▸ **Provided data**
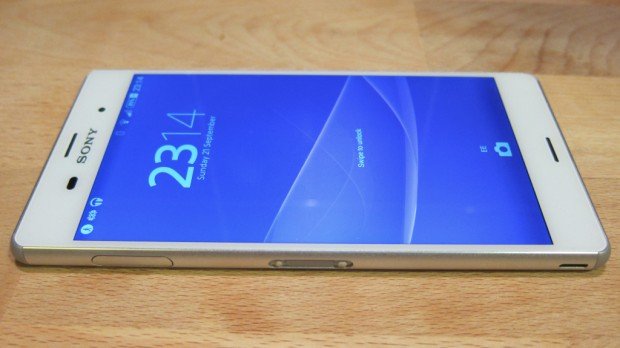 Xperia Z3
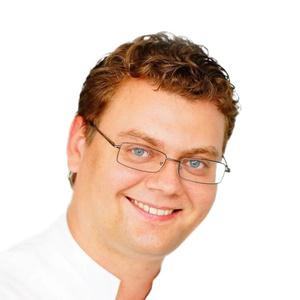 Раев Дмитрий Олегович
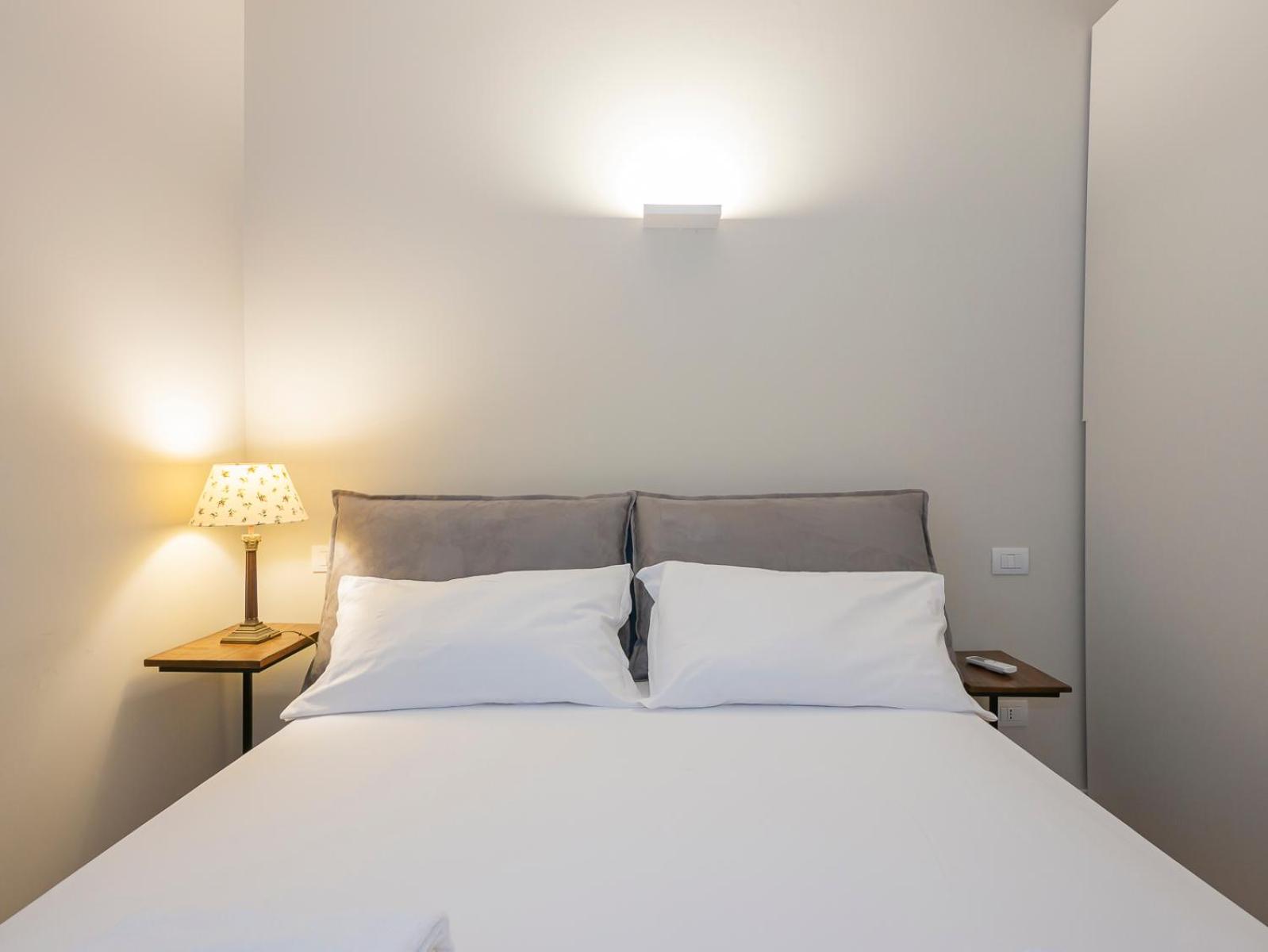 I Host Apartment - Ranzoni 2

---

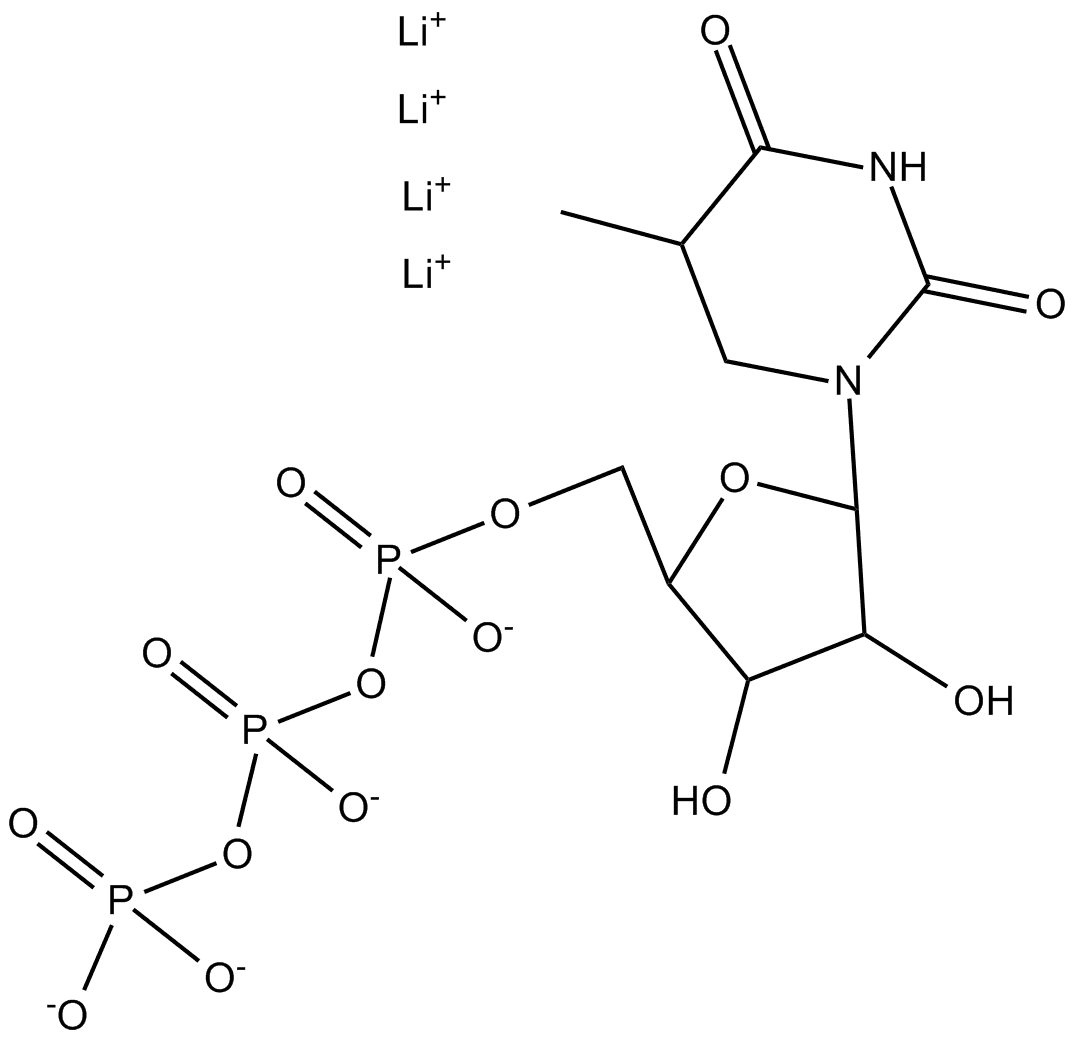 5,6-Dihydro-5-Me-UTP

▸ **To do**
Your reply should consist solely of the lines above from the line containing "Раев Дмитрий Олегович" up to and including the line containing "I Host Apartment - Ranzoni 2", reproduced exactly, minus the pictures.

▸ **Solution to this problem**
 Раев Дмитрий Олегович
 I Host Apartment - Ranzoni 2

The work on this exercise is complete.